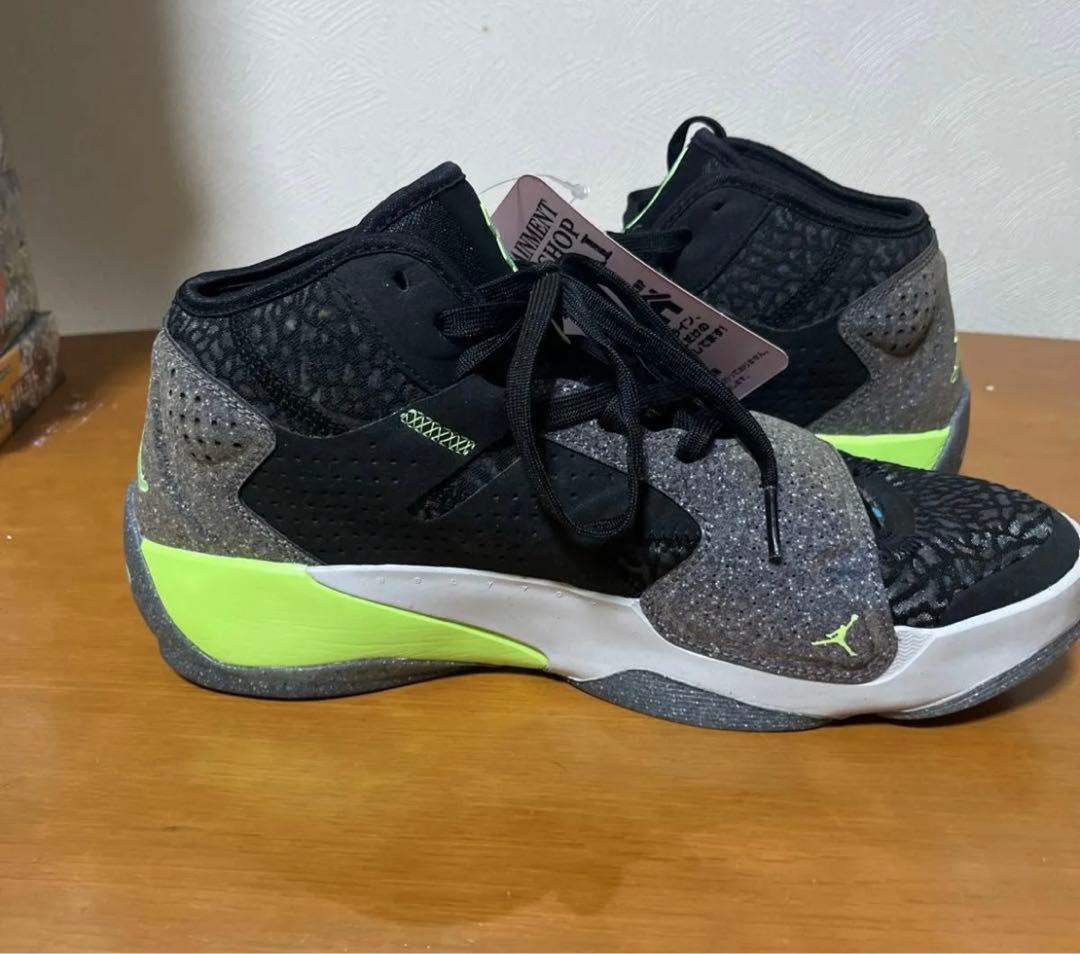 美品NIKE JORDAN ZION 2 PF DV0550-030 28.0㎝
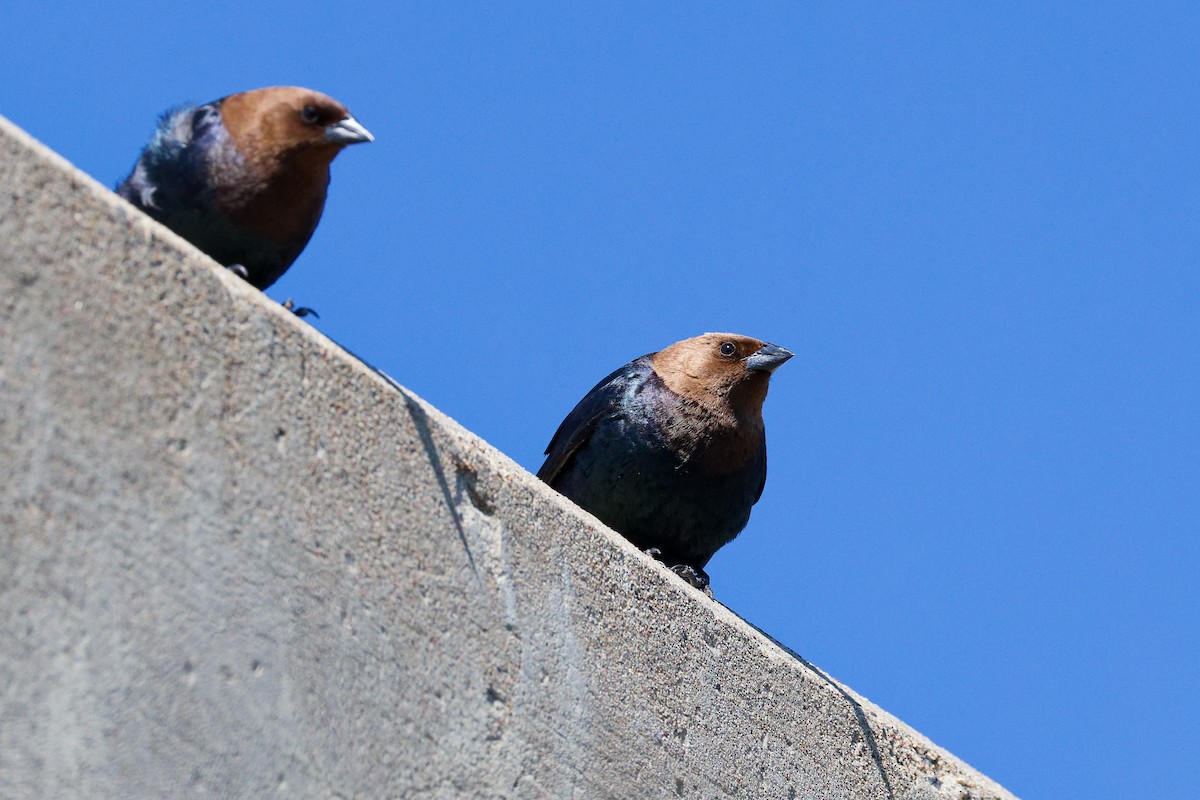 Braunkopf-Kuhstärling - ML645181064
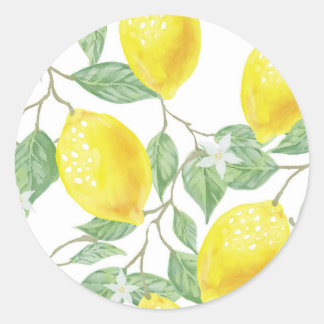 leaf-green-yellow-lemon-fruit classic round sticker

EXERCISE REQUIREMENTS.
Please output every line of the listing as it stands, and omit its images.

ANSWER TO THIS PROBLEM.
 美品NIKE JORDAN ZION 2 PF DV0550-030 28.0㎝
 Braunkopf-Kuhstärling - ML645181064
 leaf-green-yellow-lemon-fruit classic round sticker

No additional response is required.